__Description of the task__
In the material below, find the span from the line with "darwinia oxylepis 02" to the line with "Royal Inn Shin-Yamaguchi Ekimae" and transcribe only those lines, exactly, ends included, without the pictures.

__Material to process__
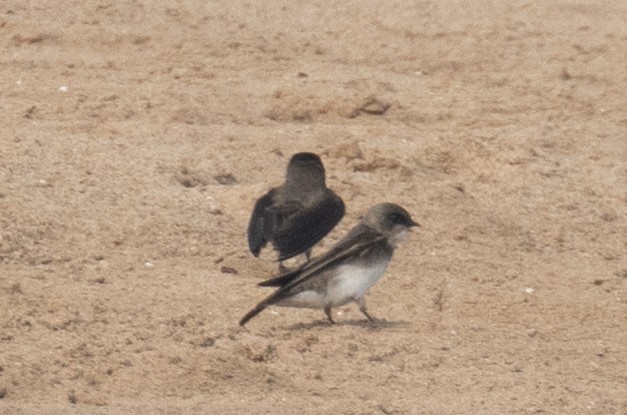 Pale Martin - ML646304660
--
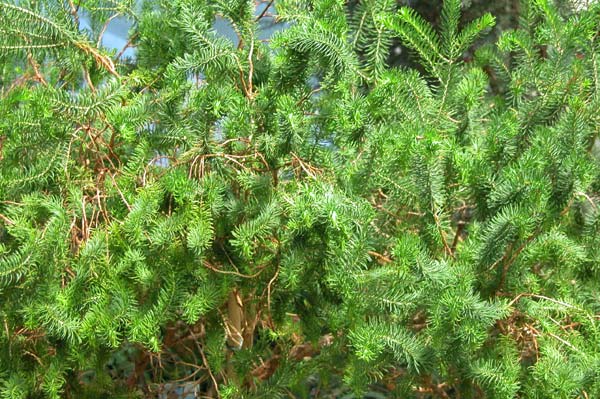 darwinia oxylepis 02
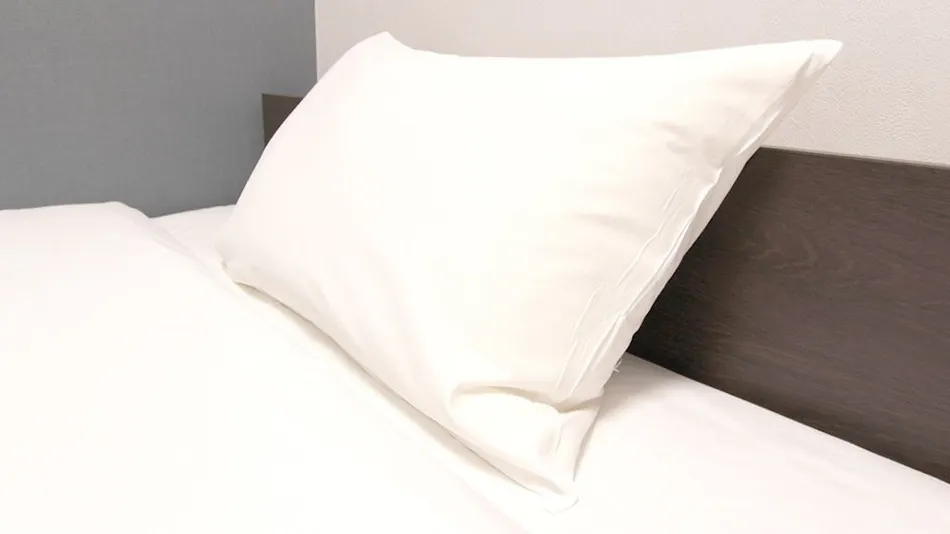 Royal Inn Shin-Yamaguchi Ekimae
* * *
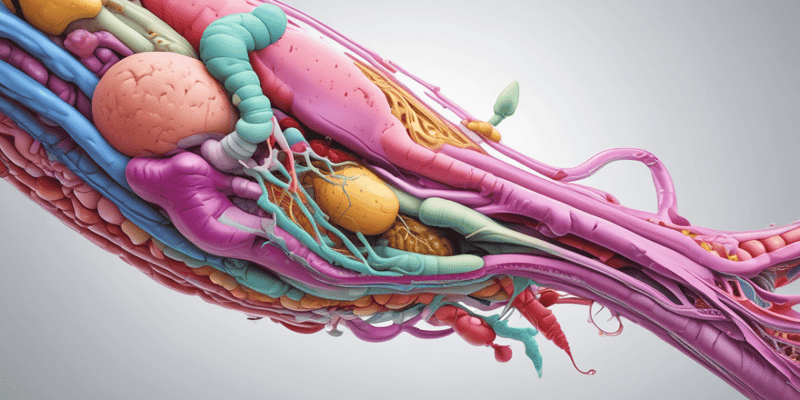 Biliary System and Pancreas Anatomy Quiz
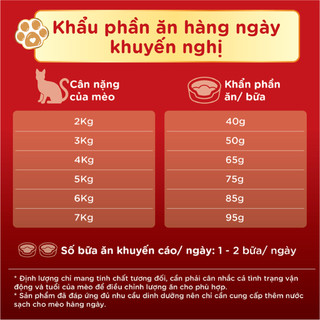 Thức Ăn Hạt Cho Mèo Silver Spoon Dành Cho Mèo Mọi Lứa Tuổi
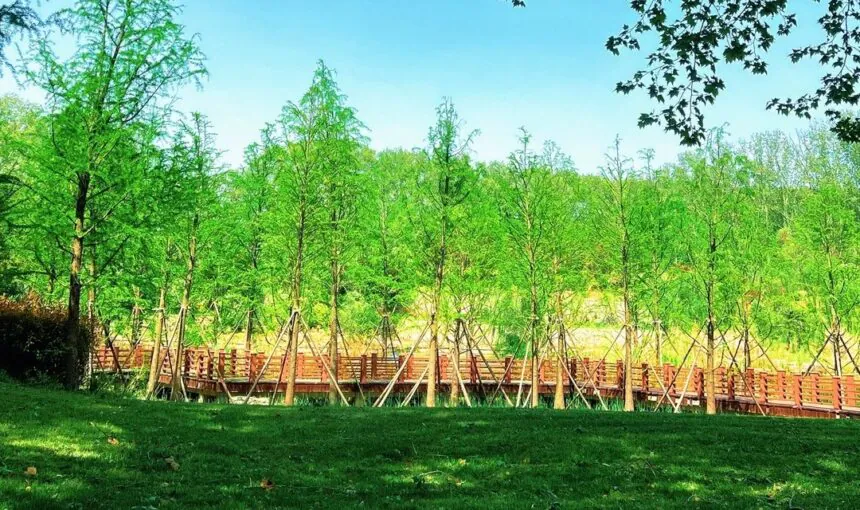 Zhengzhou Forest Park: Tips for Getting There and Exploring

__Reply to the exercise__
 darwinia oxylepis 02
 Royal Inn Shin-Yamaguchi Ekimae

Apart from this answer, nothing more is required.